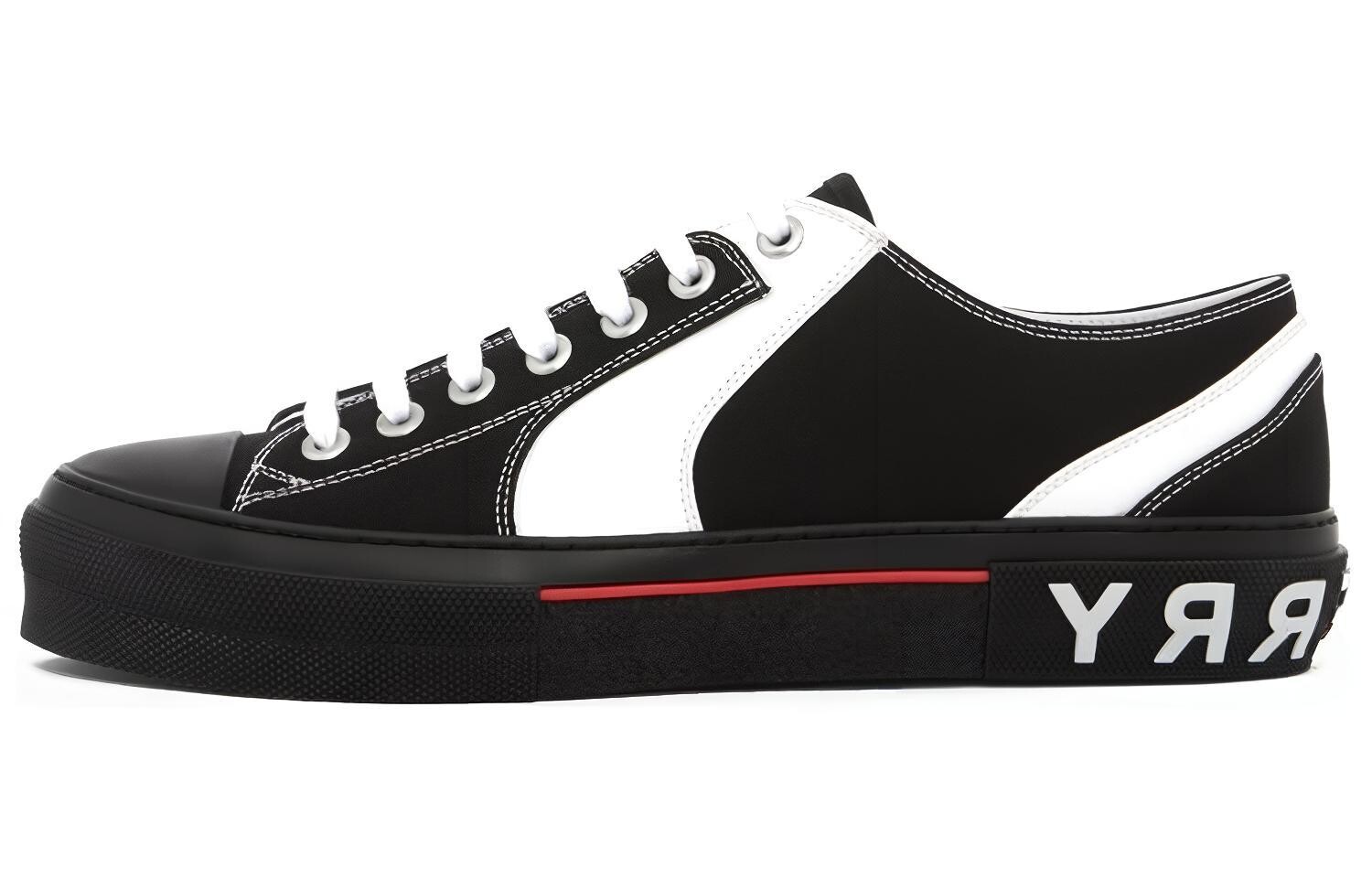 Кроссовки мужские Burberry Colorblock Low Top, черный / белый
Кроссовки мужские Burberry Colorblock Low Top, черный / белый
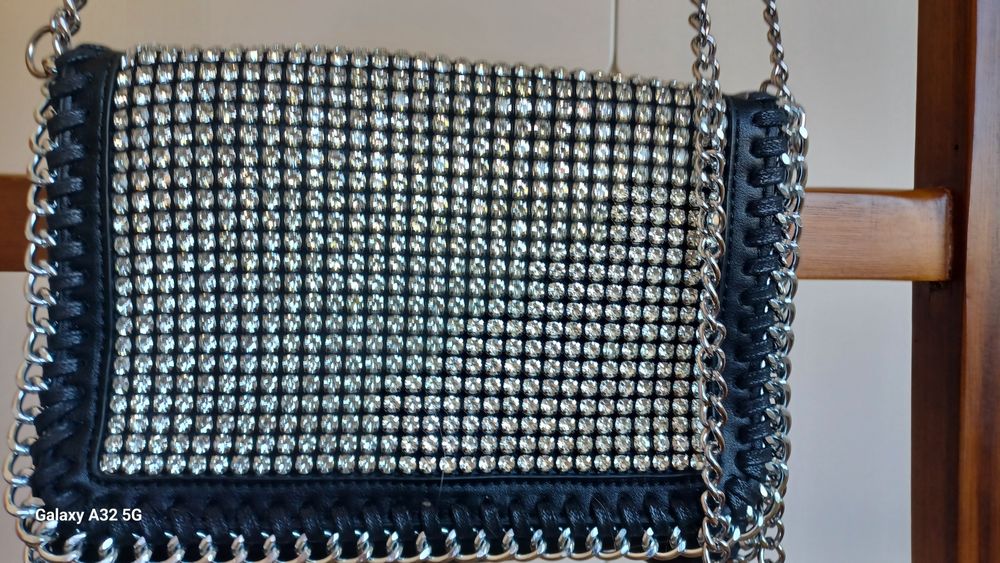 Bolsa em preto com pedras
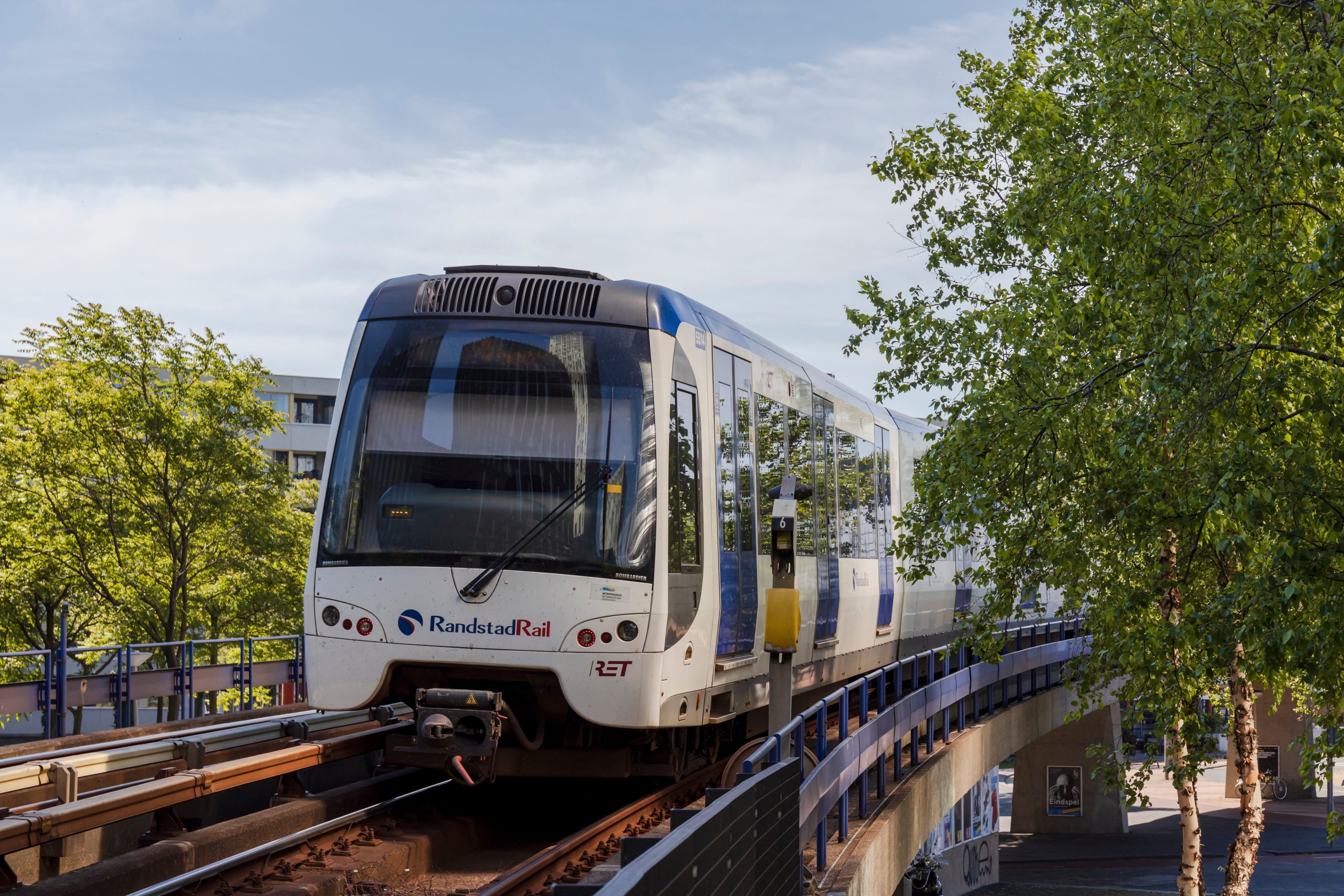 Meer metro’s tussen Rotterdam en Den Haag na klachten over drukte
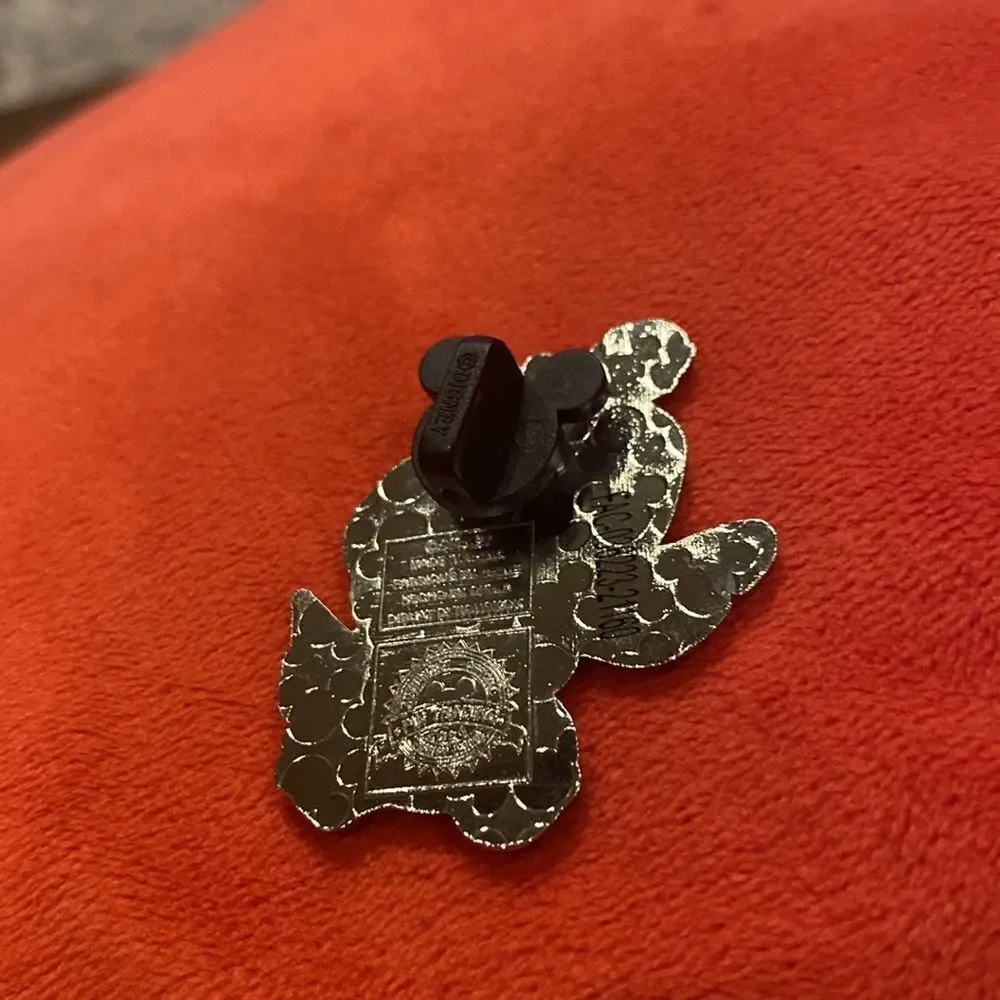 Disney Christmas Cuties 2021 Mystery Pin ….Open box …1 pin …..collectable,
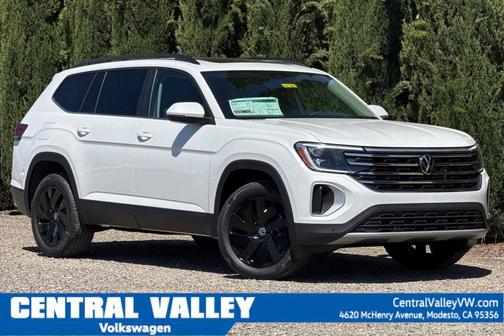Opal White Pearl 2026 Volkswagen Atlas 2.0T SE w/Technology 4MOTION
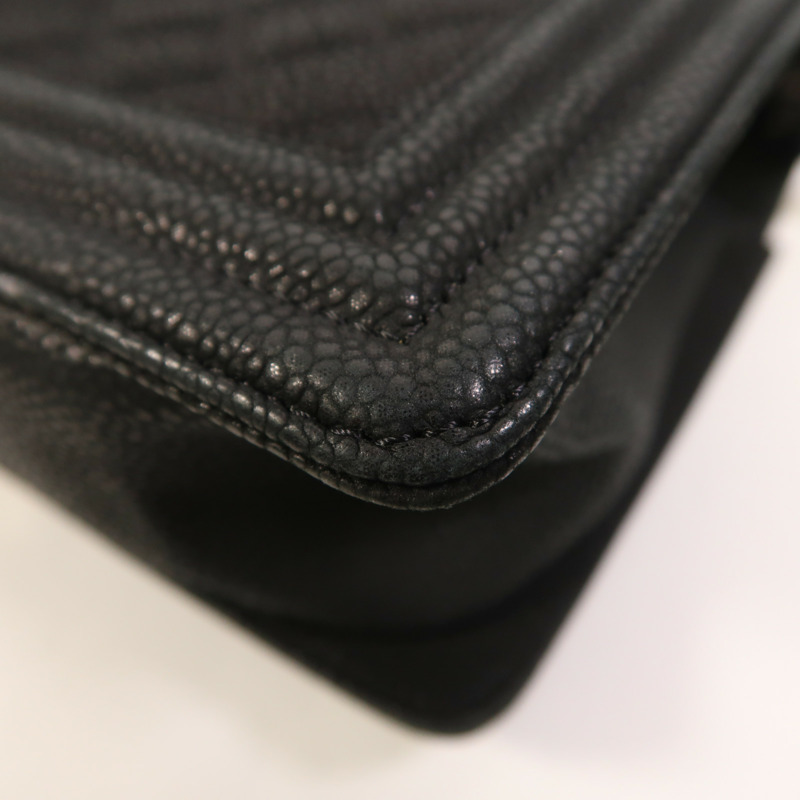 CHANEL 牛皮皮革Boy 25銀扣鏈帶肩背袋-13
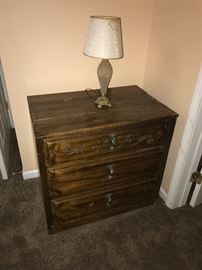 ANTIQUE WOODEN THREE DRAWER DRESSER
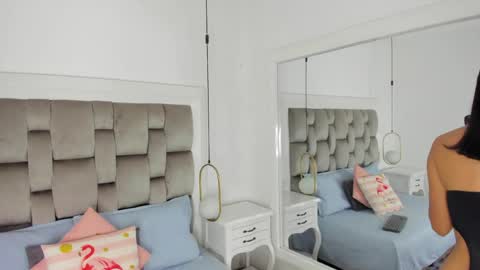 GABRIELA  online show from April 2026 11:37:01 AM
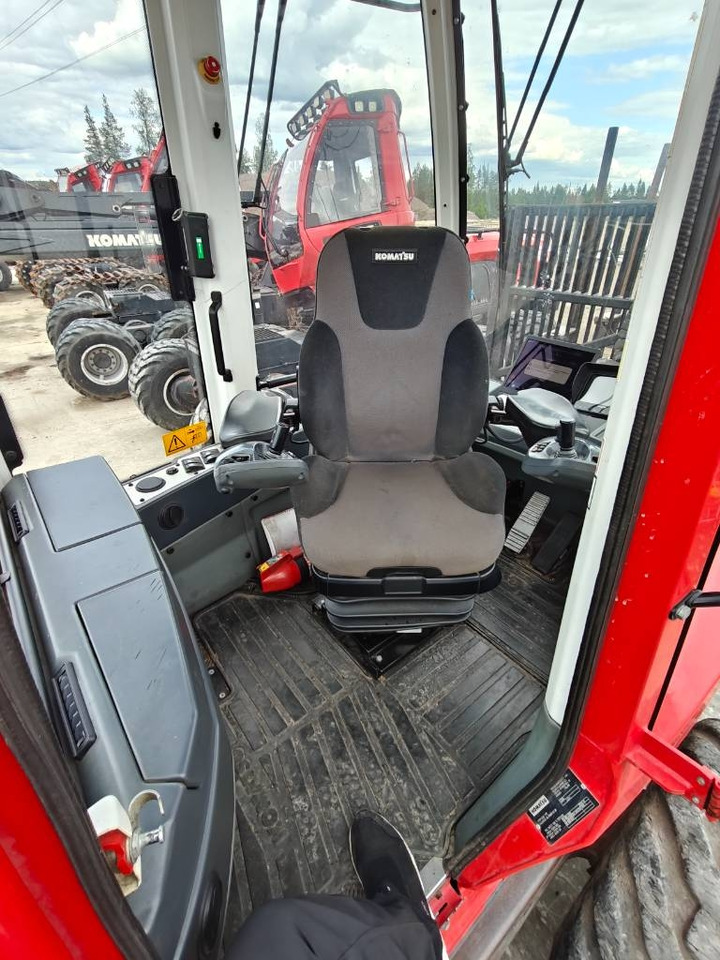 Forwarder Komatsu 865: foto 14 Forwarder Komatsu 865: foto 14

● ● ● ● ●

**TASK REQUIREMENTS**
The result should be every entry, word for word, and no pictures.

**TASK RESULT**
 Кроссовки мужские Burberry Colorblock Low Top, черный / белый
Кроссовки мужские Burberry Colorblock Low Top, черный / белый
 Bolsa em preto com pedras
 Meer metro’s tussen Rotterdam en Den Haag na klachten over drukte
 Disney Christmas Cuties 2021 Mystery Pin ….Open box …1 pin …..collectable,
Opal White Pearl 2026 Volkswagen Atlas 2.0T SE w/Technology 4MOTION
 CHANEL 牛皮皮革Boy 25銀扣鏈帶肩背袋-13
 ANTIQUE WOODEN THREE DRAWER DRESSER
 GABRIELA  online show from April 2026 11:37:01 AM
 Forwarder Komatsu 865: foto 14 Forwarder Komatsu 865: foto 14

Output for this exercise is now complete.